# Experiment 003: Pure Categorical Treatment (No Binning)

**Hypothesis**: Converting numerical features directly to categorical dtype (as strings) without binning will preserve information and yield significant improvement over baseline.

**Expected CV**: 0.430+ (improvement of +0.100 from baseline 0.3311)

**Approach**:
- Convert all numerical features (Temp, Humidity, Moisture, N, P, K) to strings then category dtype
- Keep Soil Type and Crop Type as categorical
- Use XGBoost, LightGBM, CatBoost with native categorical support
- Hyperparameters: max_depth=6-7, learning_rate=0.07
- Stratified 5-fold CV

In [None]:
import pandas as pd
import numpy as np
import torch
from sklearn.model_selection import StratifiedKFold
from sklearn.preprocessing import LabelEncoder
import xgboost as xgb
import lightgbm as lgb
from catboost import CatBoostClassifier, Pool
from tqdm import tqdm
import warnings
import pickle
import os
warnings.filterwarnings('ignore')

# Load data
train = pd.read_csv('/home/data/train.csv')
test = pd.read_csv('/home/data/test.csv')
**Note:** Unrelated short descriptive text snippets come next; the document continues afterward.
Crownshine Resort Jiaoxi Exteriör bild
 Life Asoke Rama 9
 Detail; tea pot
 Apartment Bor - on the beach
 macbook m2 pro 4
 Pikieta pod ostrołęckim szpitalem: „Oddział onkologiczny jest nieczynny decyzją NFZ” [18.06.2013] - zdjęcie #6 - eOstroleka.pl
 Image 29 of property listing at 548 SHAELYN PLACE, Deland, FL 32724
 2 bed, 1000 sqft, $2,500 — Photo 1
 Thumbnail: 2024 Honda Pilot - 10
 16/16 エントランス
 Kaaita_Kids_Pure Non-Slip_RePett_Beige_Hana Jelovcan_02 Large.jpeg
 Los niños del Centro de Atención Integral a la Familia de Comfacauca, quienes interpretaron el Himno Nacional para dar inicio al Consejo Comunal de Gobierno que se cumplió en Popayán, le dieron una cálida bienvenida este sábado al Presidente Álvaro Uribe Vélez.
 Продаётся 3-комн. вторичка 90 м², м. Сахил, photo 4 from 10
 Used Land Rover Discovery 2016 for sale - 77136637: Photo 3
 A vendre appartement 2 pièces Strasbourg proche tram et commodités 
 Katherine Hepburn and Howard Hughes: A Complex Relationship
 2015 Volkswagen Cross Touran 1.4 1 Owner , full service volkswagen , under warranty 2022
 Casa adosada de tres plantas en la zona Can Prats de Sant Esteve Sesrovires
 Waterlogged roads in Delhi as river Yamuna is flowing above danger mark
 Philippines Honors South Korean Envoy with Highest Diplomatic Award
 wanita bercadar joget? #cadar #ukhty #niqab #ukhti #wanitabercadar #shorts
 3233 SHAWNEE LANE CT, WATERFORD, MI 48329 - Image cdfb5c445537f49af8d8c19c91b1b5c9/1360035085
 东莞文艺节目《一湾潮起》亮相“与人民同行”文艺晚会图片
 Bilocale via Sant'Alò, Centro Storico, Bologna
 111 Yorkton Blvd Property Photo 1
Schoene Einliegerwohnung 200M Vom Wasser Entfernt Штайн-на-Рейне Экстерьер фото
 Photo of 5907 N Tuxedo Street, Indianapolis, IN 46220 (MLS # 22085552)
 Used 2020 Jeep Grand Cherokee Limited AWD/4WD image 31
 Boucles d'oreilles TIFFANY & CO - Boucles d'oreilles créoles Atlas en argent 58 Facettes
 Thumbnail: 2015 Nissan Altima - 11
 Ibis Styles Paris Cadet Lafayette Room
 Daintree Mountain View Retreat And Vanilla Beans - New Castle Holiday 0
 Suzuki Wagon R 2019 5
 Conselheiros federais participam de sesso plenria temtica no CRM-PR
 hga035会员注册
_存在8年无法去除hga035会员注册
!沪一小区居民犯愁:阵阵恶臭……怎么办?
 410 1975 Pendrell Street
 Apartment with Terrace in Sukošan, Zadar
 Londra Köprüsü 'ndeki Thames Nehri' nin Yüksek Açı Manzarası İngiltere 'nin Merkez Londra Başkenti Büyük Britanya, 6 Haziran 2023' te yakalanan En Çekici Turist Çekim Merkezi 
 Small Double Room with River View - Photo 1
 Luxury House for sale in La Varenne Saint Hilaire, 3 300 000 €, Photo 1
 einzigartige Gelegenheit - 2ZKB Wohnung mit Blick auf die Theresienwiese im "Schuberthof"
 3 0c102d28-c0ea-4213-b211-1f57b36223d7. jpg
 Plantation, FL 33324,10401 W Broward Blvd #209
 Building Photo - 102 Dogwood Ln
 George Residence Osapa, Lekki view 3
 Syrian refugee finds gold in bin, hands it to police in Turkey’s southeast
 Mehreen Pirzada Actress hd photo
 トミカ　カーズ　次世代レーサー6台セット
print(f"Train shape: {train.shape}")
print(f"Test shape: {test.shape}")
print("\nTarget distribution:")
print(train['Fertilizer Name'].value_counts())

In [None]:
# Define MAP@3 metric for optimization
def map_at_3(predictions, true_labels):
    """Calculate MAP@3 score"""
    map_scores = []
    
    for i in range(len(true_labels)):
        # Get top 3 predictions
        pred_idx = np.argsort(predictions[i])[-3:][::-1]
        
        # Calculate average precision for this observation
        score = 0.0
        num_hits = 0
        
        for k, pred in enumerate(pred_idx, 1):
            if pred == true_labels[i]:
                num_hits += 1
                score += num_hits / k
        
        map_scores.append(score / min(3, 1))  # Divide by min(3, num_relevant_items)
    
    return np.mean(map_scores)

print("MAP@3 metric defined")

In [None]:
# Encode target
le_target = LabelEncoder()
y_encoded = le_target.fit_transform(train['Fertilizer Name'])
print(f"Classes: {le_target.classes_}")
print(f"Number of classes: {len(le_target.classes_)}")

# Save target encoder
os.makedirs('experiments/003_pure_categorical', exist_ok=True)
pickle.dump(le_target, open('experiments/003_pure_categorical/target_encoder.pkl', 'wb'))

In [None]:
# Pure Categorical Treatment - Convert numericals to categorical WITHOUT binning
# All numerical features have low cardinality (14-43 unique values)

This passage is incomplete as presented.